# [DIRECTIONS]
Exactly the lines from the one containing "A vintage mathematics" through the final line of the data below, with pictures omitted, make up the answer.

# [RAW DATA]
== Segment start ==

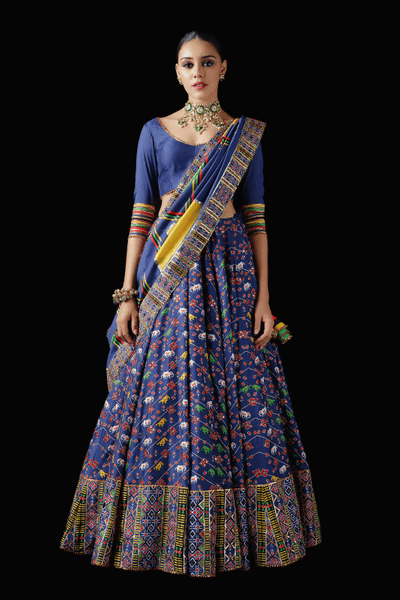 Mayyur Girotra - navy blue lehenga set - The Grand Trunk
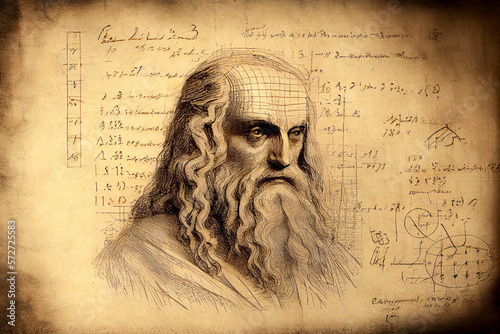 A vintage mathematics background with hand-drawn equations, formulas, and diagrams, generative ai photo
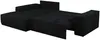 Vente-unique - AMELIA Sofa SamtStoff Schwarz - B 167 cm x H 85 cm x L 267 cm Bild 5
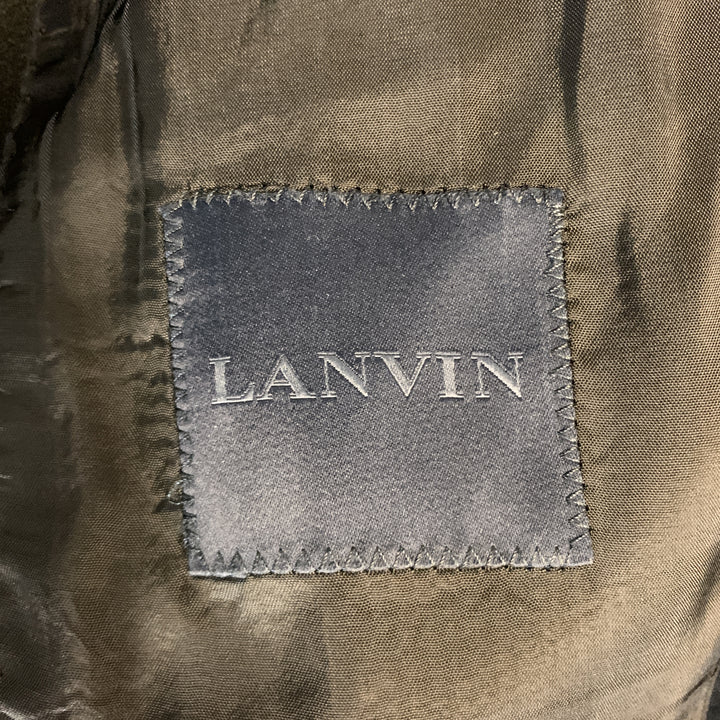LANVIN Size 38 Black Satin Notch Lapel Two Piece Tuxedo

== Segment end ==

# [REPLY TO THE TASK]
 A vintage mathematics background with hand-drawn equations, formulas, and diagrams, generative ai photo
 Vente-unique - AMELIA Sofa SamtStoff Schwarz - B 167 cm x H 85 cm x L 267 cm Bild 5
LANVIN Size 38 Black Satin Notch Lapel Two Piece Tuxedo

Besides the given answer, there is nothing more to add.